No wonder the board found it hard to believe! No wonder it took so long to realize Altman had flipped on them, and it seemed Sutskever needed Slack screenshots showing Altman blatantly lying to them about Toner before he finally, reluctantly, flipped. The Altman you need to distrust & assume bad faith of & need to be paranoid about stealing your power is also usually an Altman who never gave you any power in the first place! I'm still kinda baffled by it, personally.

He concealed this change of heart from everyone, including the board, gradually began trying to unwind it, overplayed his hand at one point - and here we are.

So, what could the EA faction of the board have done? ...Not much, really. They only ever had the power that Altman gave them in the first place.

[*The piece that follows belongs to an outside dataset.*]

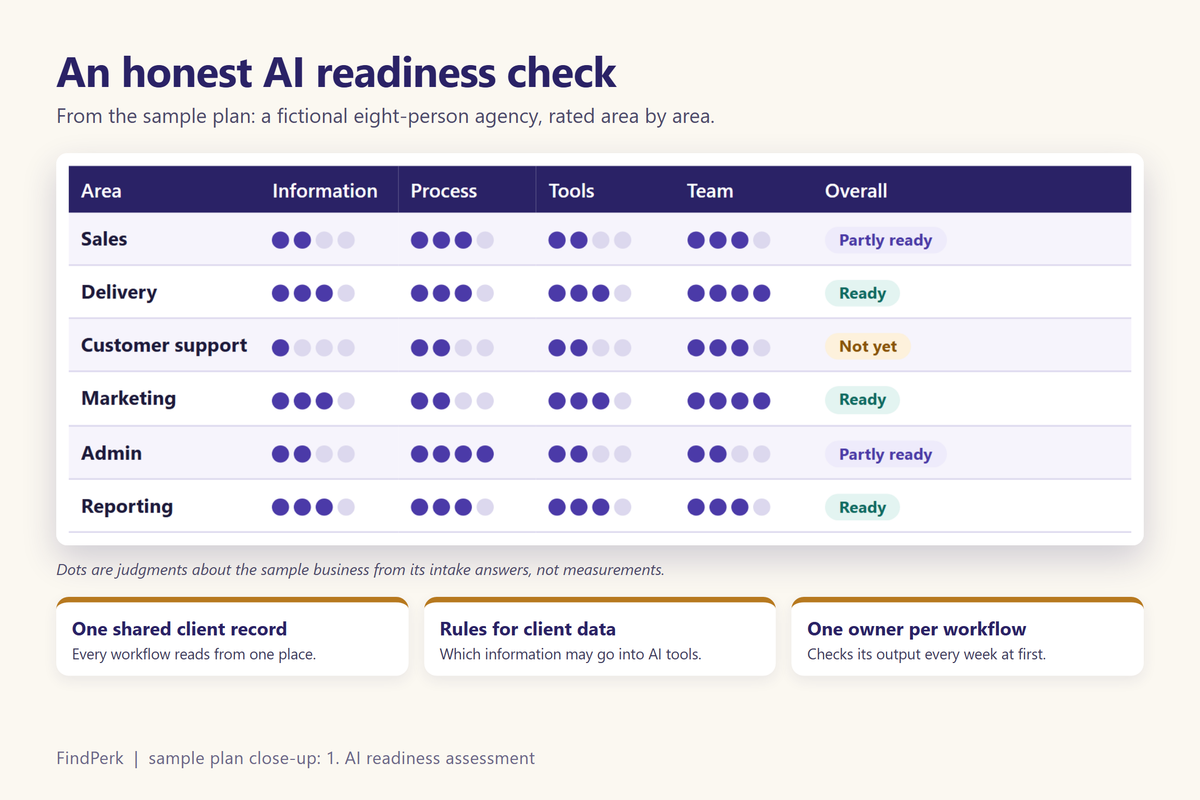 From the sample plan: an AI readiness check, area by area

* I don't really agree with this framing of Sutskever/Toner/McCauley/D'Angelo as "EA", but for the sake of argument, I'll go with this labeling.
† Please try to cast your mind back to when Altman et al would be planning all this in 2018-2019, with OA rapidly running out of cash after the mercurial Musk's unexpected-but-inevitable betrayal, its DRL projects like OA5 remarkable research successes but commercially worthless, and just some interesting results like GPT-1 and then GPT-2-small coming out of their unsupervised learning backwater from Alec Radford tinkering around with RNNs and then these new 'Transformer' things. The idea that OA might somehow be worth over ninety billion dollars, yes, that's 'billion' with a 'b' in scarcely 3 years would have been insane, absolutely insane, not a single person in the AI world would have taken you seriously if you had suggested that and if you emailed any of them asking about how plausible that was, they would have added an email filter to send your future emails to the trash bin. It is very easy to be sincerely full of the best intentions and discuss how to structure your double corporation to deal with windfalls like growing to a $1000b market cap when no one really expects that to happen, certainly not in the immediate future... Thus, no one is also sitting around going, 'well wait, we required the board to not own equity, but if the company is worth even fraction of our long-term targets, and it's recruiting with stock options like usual, then each employee is going to have, like, $10m or even $100m of pseudo-equity in the OA for-profit. That seems... problematic. Do we need to do something about it?'

By the time Musk (and Altman et al) was starting OA, it was in response to Page buying Hassabis. So there is no real contradiction here between being spurred by Page's attitude and treating Hassabis as the specific enemy. It's not like Page was personally overseeing DeepMind (or Google Brain) research projects, and Page quasi-retired about a year after the DM purchase anyway (and about half a year before OA officially became a thing).